Personal information
- Full name: Daniel Wasson
- Date of birth: June 15, 1984 (age 41)
- Place of birth: Ardmore, Oklahoma, United States
- Height: 5 ft 9 in (1.75 m)
- Position: Defender/Midfielder

Youth career
- 2002–2003: Air Force Falcons
- 2004–2005: Tulsa Golden Hurricane

Senior career*
- Years: Team / Apps / (Gls)
- 2004: Colorado Springs Blizzard / 12 / (10)
- 2005: Chicago Fire Premier / 11 / (1)
- 2006–2007: Colorado Rapids / 22 / (1)
- 2007–2008: SV Meppen / 11 / (0)
- 2008–2009: VfL Osnabrück II / 21 / (0)
- 2010–2012: Minnesota Stars FC / 36 / (2)
- 2013–?: Tulsa Athletic / 20 / (5)

= Daniel Wasson =

American soccer player (born 1984)

Daniel Wasson (born June 15, 1984) is an American soccer player who last played for Tulsa Athletic in the National Premier Soccer League.

==Career==

===College and amateur===
Wasson was born in Ardmore, Oklahoma. He grew up in Colorado Springs, Colorado, attended Liberty High School, and began his college soccer career at the United States Air Force Academy where he scored 23 goals in 37 games and was named to the all-conference second team, two regular season all-tournament teams and the MPSF all-tournament squad as a freshman. He transferred to the University of Tulsa prior to his junior year, and subsequently he appeared in 43 games, scoring 8 goals and 6 assists, being named to the all-MVC first team, the all-Midwest Region second team, and his team's Defensive Player of the Year.

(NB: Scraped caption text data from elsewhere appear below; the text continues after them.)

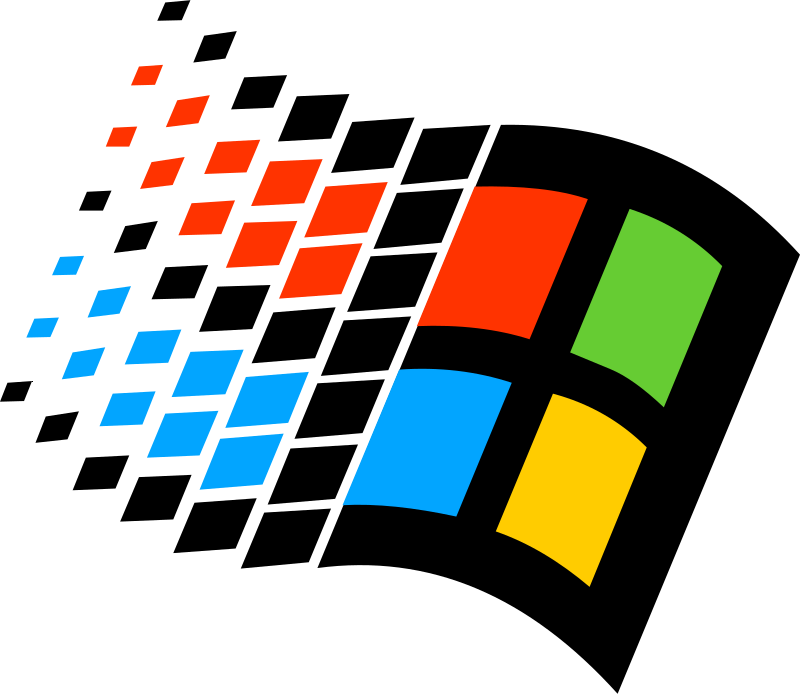 :windowsflag01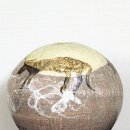 화랑석유 이미지
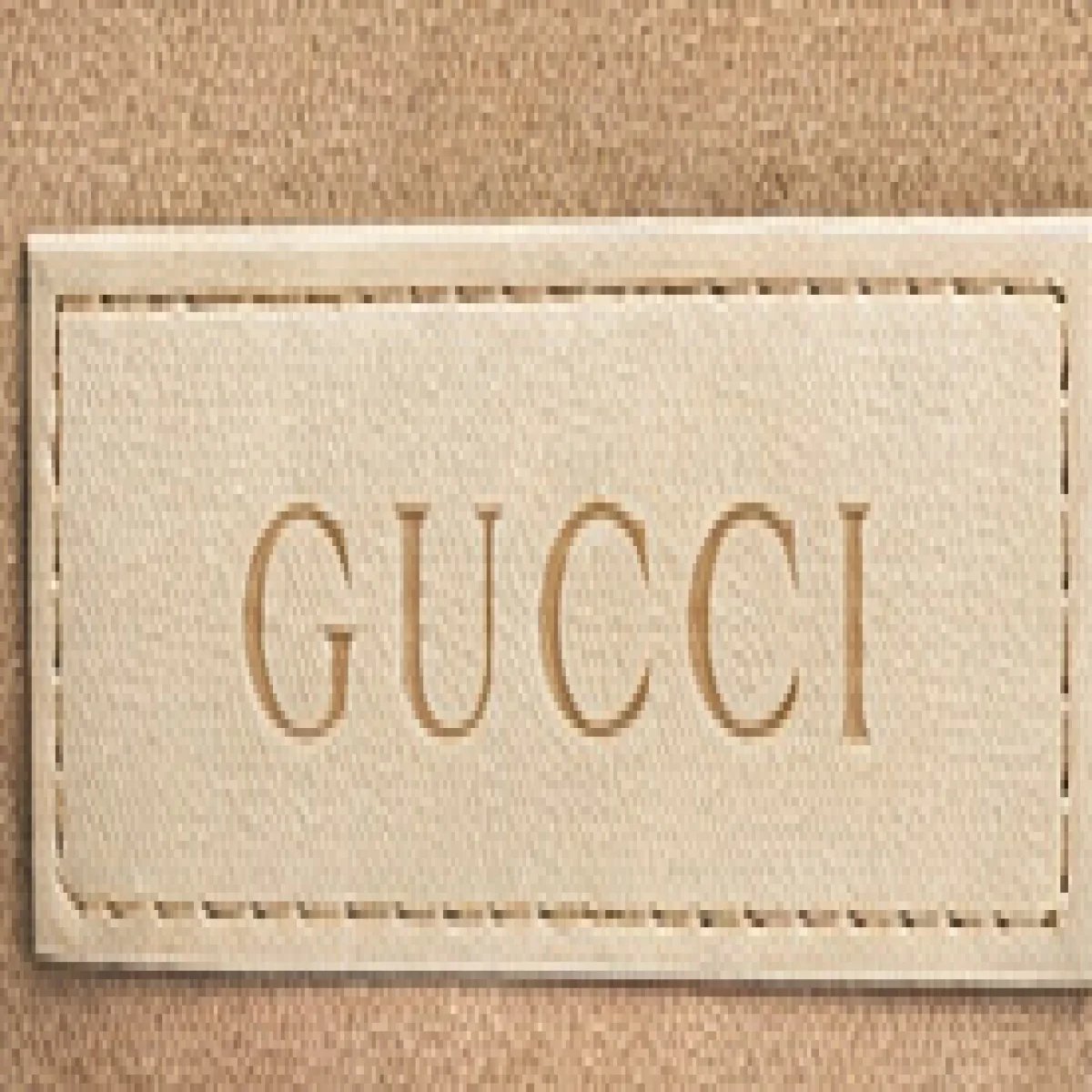 Gucci Blondie Small Shoulder Bag - صورة 2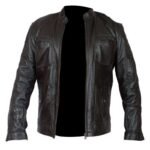 MENS-RETRO-BLACK-BIKER-LEATHER-JACKET-3-1.jpg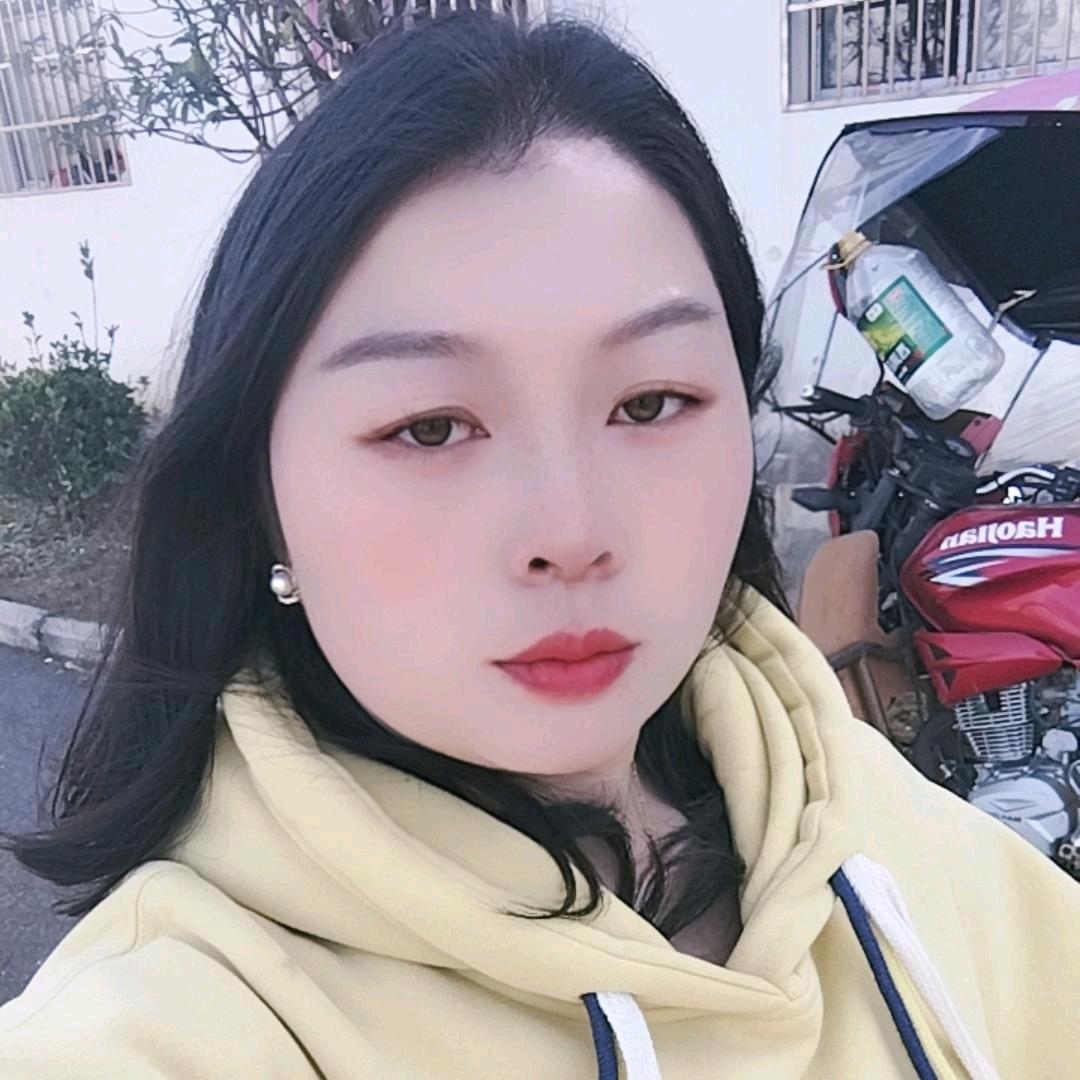 江会🌹🌹🌻🌻🌺🌺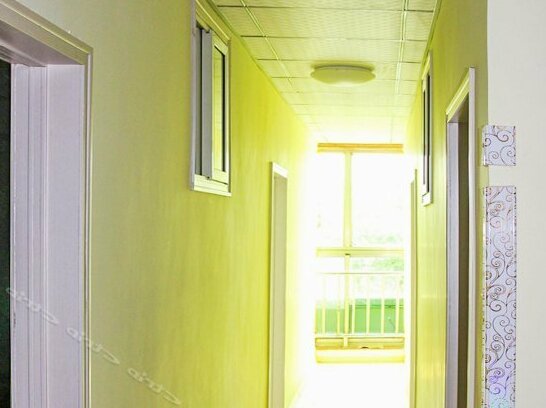 Ruzhijia Hotel - Photo3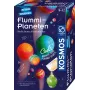 Kosmos 65776 Astronomijas bumbiņas, daudzkrāsainas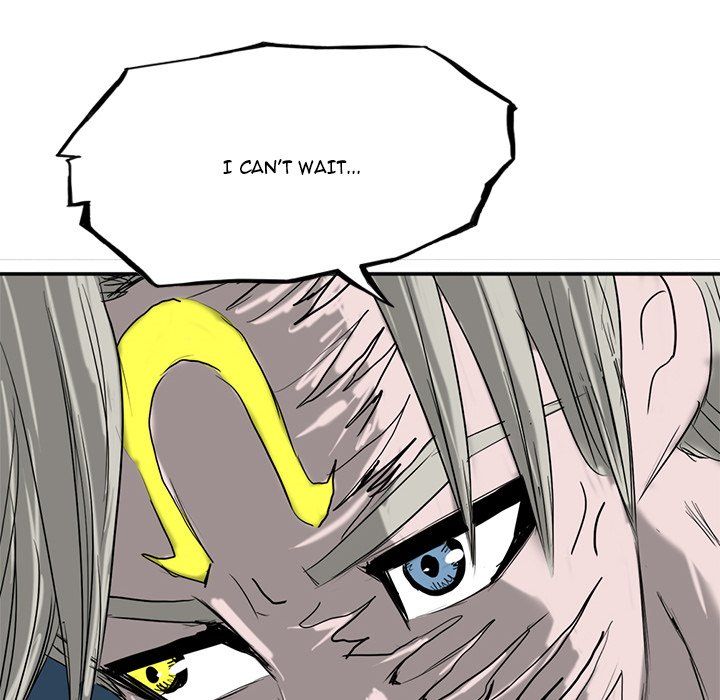 The Chronicles of Apocalypse Manhwa - Chapter 72 Page 182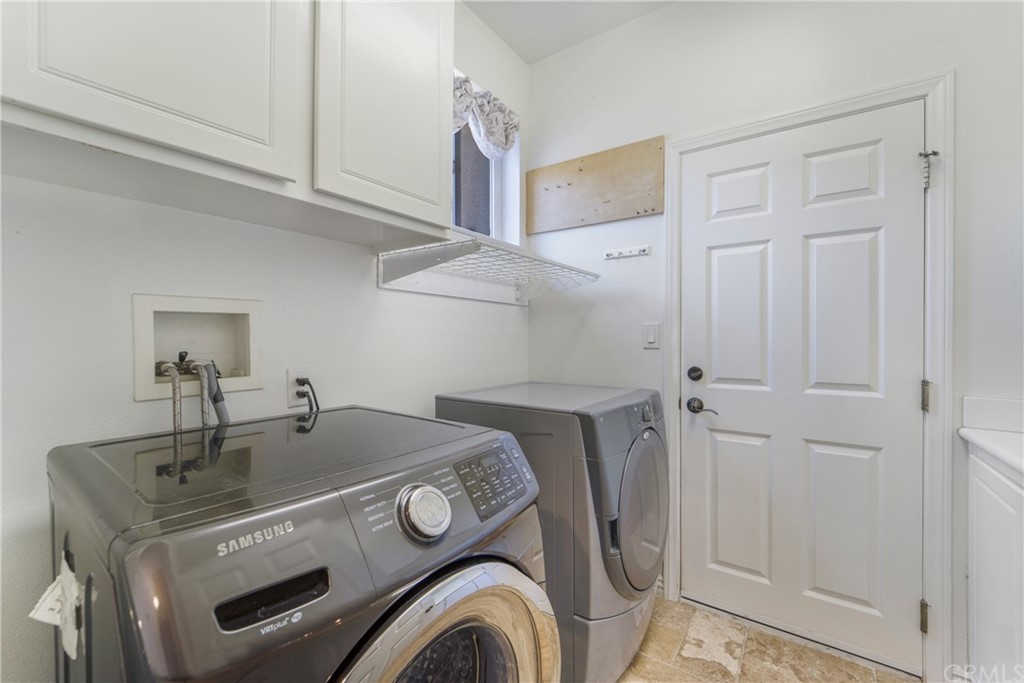 20 Whitford Irvine, CA 92602 - Photo 24 of 29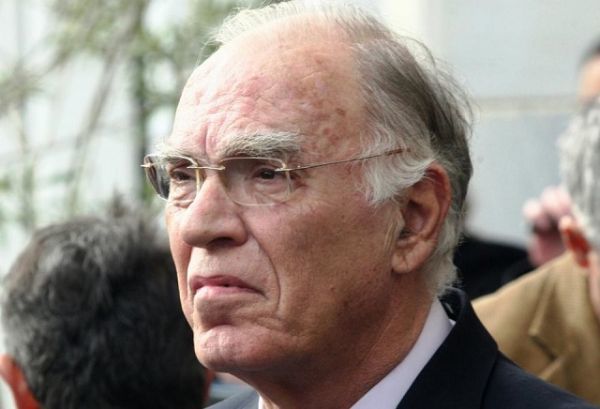 Λεβέντης: Η κυβέρνηση θα κάνει αποδεκτά όλα τα μέτρα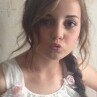 Hannah Keating - @hannahkeating566 - Instagram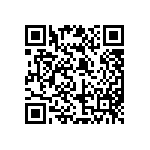 X5165S8I-2-7T1_222 QRCode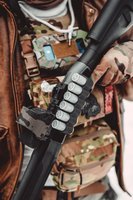 mesa_tactical_1658_ber_a300_sureshell_urbino.jpg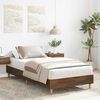 Produktminiaturebillede 3 af 10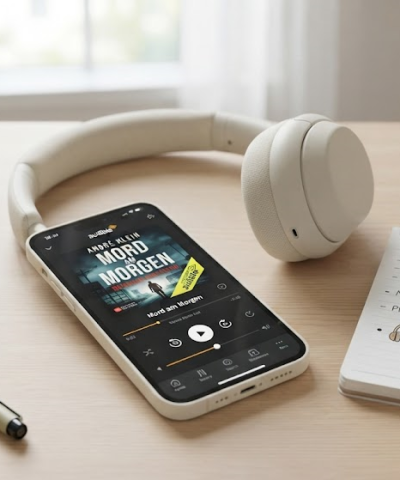 Audio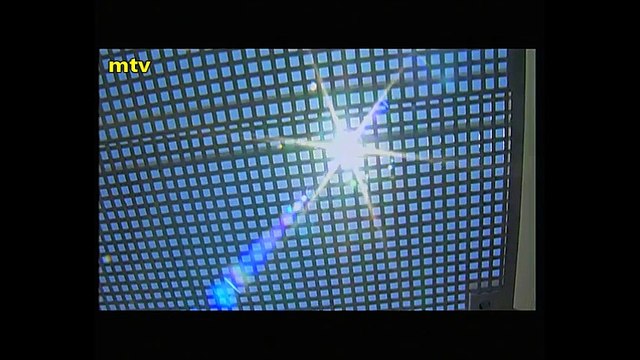 Τόλης Βοσκόπουλος _ Γιώργος Λεμπέσης - Φίλε (video clip)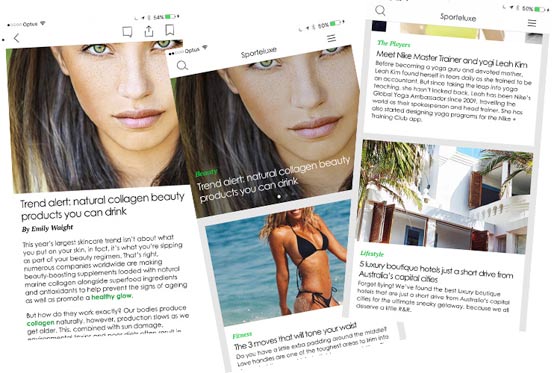 مواجهةً للضغوط.. اليكم 10 تطبيقات تساعد على النوم وتوفر الهدوء صورة رقم 2
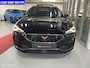 CUPRA Leon 2.0 TSI VZ 4Drive 310Pk PANORAMA VIRTUAL LEER LED SEERVERLICHTING CRUISE NIEUW ONDERHOUD NW APK
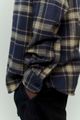 CAMISA-ML---DUNA---3-.jpg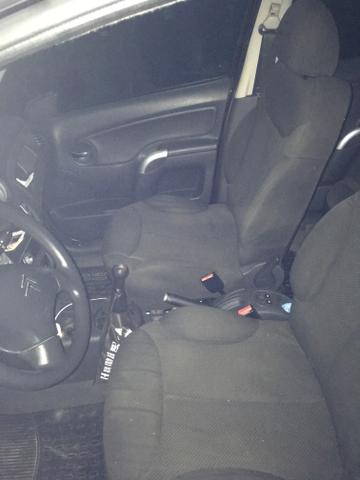 Citroen c3 IMPECÁVEL!!!! IMPERDÍVEL!!!! - Foto 3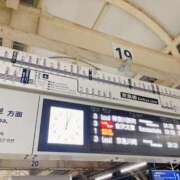 ヒメ日記 2025/05/05 00:22 投稿 鴨宮みなと ニューハーフヘルスLIBE横浜店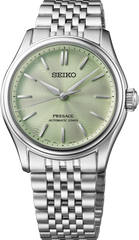 Presage Classic Series HCC002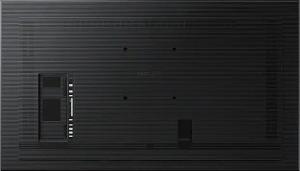 Monitor Samsung QH75B (LH75QHBEBGCXEN) 5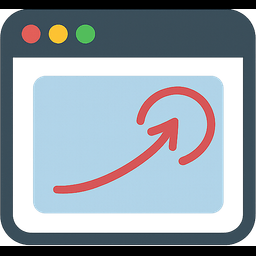 Screenshot Editor for Technical Writers
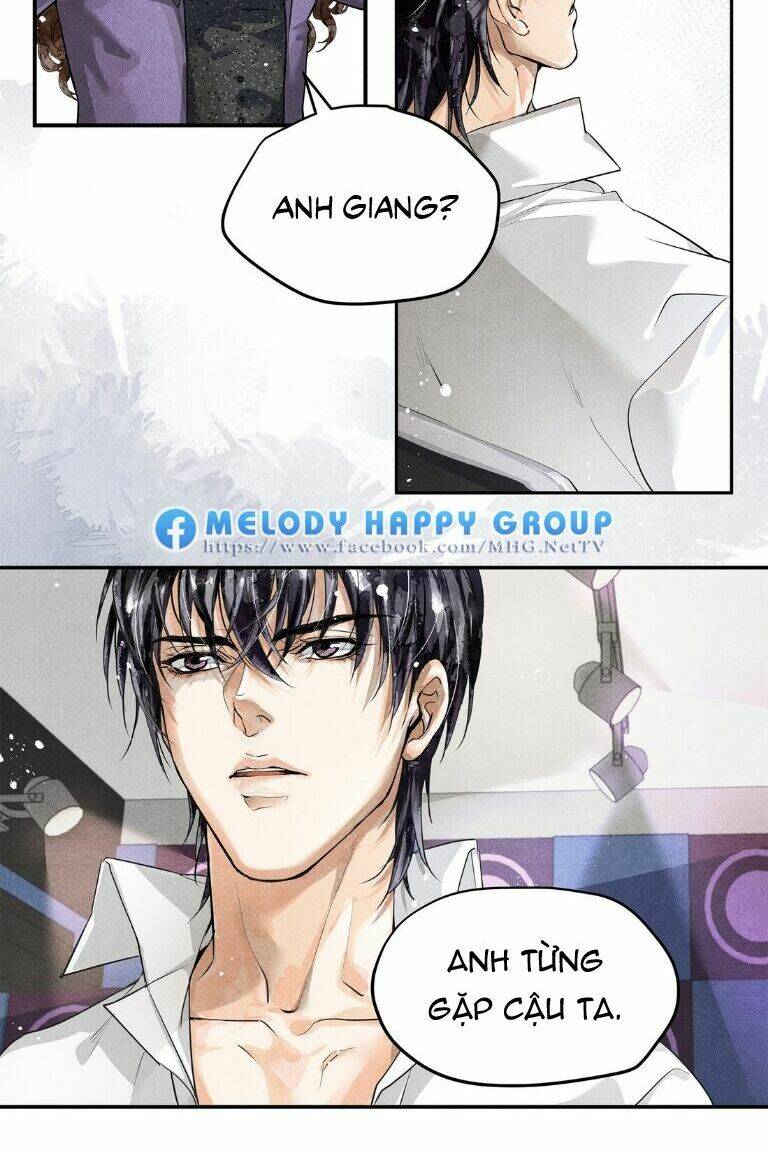 page_14.jpg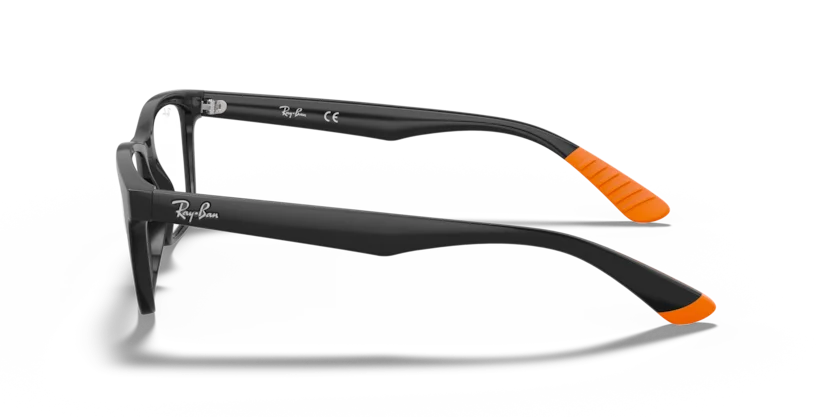 Ray-Ban RB7025 5417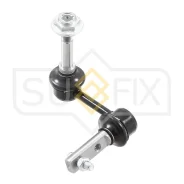 ������ ������������� �������� ����� ��� Lexus GS Sufix SJ-1260 ����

During his college years he also played with Colorado Springs Blizzard and Chicago Fire Premier in the USL Premier Development League.

===Professional===
Wasson was drafted in the fourth round (38th overall) of the 2006 MLS Supplemental Draft by the Colorado Rapids. He played 22 games for Rapids in 2006 and 2007 before leaving the club to try his hand in Europe.

He signed with German side SV Meppen, and then moved to VfL Osnabrück II and then returned to the United States at the end of the 2008/2009 season.

On March 31, 2010, Wasson signed for the newly formed USSF Division 2 Professional League club NSC Minnesota Stars. He scored the first goal in NSC Minnesota's history on April 16, 2010, the only goal of a 1–0 victory over the Carolina RailHawks.

In July 2013, Wasson signed with the Tulsa Athletics of the NPSL. At the onset of the 2014 season he was named team captain. He continues to hold this position.